▶ _EXERCISE AIM_:
Among the lines below, copy each one in which "Adjustable" appears.

[Short descriptive text snippets]
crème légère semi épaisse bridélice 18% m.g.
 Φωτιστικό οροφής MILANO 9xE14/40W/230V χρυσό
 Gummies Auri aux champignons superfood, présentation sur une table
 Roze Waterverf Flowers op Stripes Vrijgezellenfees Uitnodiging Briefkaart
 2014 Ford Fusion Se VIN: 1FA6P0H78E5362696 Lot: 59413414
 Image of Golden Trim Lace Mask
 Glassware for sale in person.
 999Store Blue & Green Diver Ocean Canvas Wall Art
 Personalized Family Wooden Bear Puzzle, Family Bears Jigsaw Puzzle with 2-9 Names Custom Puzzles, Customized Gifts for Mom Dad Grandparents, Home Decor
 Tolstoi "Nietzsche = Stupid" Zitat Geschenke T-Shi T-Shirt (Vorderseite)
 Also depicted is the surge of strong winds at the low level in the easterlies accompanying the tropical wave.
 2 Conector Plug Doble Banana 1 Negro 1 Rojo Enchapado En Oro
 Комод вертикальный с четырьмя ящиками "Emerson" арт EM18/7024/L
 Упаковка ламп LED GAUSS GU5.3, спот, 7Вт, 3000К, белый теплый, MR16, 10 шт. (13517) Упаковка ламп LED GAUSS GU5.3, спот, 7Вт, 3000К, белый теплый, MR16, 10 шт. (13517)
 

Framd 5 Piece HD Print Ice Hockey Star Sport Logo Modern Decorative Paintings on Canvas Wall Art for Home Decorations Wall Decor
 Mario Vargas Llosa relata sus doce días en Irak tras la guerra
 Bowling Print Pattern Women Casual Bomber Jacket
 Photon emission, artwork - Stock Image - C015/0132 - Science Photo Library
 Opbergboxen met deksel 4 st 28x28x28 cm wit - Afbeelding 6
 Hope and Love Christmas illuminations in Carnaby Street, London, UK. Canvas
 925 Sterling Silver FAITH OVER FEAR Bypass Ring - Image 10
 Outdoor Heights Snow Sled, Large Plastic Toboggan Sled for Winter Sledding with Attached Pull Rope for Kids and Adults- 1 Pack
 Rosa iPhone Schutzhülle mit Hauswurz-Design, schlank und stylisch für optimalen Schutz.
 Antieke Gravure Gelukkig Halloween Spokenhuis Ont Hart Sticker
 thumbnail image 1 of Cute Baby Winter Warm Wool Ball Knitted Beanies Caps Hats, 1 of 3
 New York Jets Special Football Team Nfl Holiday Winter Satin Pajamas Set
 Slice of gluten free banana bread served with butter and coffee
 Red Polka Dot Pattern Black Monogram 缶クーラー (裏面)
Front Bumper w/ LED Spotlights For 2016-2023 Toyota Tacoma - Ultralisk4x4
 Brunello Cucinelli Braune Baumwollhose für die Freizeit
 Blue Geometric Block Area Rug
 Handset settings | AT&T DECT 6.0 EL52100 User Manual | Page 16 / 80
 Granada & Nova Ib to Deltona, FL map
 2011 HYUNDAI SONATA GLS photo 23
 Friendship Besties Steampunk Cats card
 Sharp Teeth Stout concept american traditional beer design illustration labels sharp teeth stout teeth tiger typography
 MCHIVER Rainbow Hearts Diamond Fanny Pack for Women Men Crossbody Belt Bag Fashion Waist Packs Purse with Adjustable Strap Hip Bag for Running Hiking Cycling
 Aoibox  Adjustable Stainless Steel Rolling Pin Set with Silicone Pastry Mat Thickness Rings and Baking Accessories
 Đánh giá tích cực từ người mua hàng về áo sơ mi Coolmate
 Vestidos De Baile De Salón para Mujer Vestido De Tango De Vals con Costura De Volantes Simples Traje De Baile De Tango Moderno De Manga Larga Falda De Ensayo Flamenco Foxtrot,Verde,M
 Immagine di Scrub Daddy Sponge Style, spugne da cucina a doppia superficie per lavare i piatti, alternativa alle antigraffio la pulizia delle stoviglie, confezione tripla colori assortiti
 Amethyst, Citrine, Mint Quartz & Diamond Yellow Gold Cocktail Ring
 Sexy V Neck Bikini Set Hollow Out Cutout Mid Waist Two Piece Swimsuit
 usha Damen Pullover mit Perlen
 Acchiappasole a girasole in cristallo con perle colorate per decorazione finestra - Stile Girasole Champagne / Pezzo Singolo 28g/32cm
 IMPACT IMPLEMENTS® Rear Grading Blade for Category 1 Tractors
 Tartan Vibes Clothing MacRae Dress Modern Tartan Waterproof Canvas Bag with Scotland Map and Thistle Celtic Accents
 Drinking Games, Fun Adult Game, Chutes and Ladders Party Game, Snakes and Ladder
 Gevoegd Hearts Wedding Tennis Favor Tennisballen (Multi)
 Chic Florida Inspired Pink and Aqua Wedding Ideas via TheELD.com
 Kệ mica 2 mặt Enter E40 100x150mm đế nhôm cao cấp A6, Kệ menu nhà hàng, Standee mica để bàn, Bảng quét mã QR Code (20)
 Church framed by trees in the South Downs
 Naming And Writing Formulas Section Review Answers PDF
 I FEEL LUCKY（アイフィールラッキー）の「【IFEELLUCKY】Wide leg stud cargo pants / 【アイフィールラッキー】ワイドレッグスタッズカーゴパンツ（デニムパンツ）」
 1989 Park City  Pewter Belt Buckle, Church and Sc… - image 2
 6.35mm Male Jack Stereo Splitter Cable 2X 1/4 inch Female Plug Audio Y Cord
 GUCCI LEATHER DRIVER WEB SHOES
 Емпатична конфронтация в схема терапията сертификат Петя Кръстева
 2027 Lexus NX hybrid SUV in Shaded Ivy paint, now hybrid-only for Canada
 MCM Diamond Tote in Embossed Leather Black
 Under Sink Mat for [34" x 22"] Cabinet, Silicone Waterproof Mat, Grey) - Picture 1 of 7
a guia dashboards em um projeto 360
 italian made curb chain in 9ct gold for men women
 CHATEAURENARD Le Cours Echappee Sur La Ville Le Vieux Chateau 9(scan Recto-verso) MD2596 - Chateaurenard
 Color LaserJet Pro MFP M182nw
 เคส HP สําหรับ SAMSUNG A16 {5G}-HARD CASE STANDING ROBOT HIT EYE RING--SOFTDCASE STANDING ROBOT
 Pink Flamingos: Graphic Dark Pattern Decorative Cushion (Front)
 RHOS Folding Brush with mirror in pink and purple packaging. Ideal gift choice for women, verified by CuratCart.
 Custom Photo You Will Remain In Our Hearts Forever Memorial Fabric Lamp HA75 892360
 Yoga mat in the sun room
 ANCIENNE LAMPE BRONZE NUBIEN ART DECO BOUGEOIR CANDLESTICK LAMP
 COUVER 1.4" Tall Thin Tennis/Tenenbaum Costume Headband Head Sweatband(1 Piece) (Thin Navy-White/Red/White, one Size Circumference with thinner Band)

▶ _ANSWER SPACE_:
 MCHIVER Rainbow Hearts Diamond Fanny Pack for Women Men Crossbody Belt Bag Fashion Waist Packs Purse with Adjustable Strap Hip Bag for Running Hiking Cycling
 Aoibox  Adjustable Stainless Steel Rolling Pin Set with Silicone Pastry Mat Thickness Rings and Baking Accessories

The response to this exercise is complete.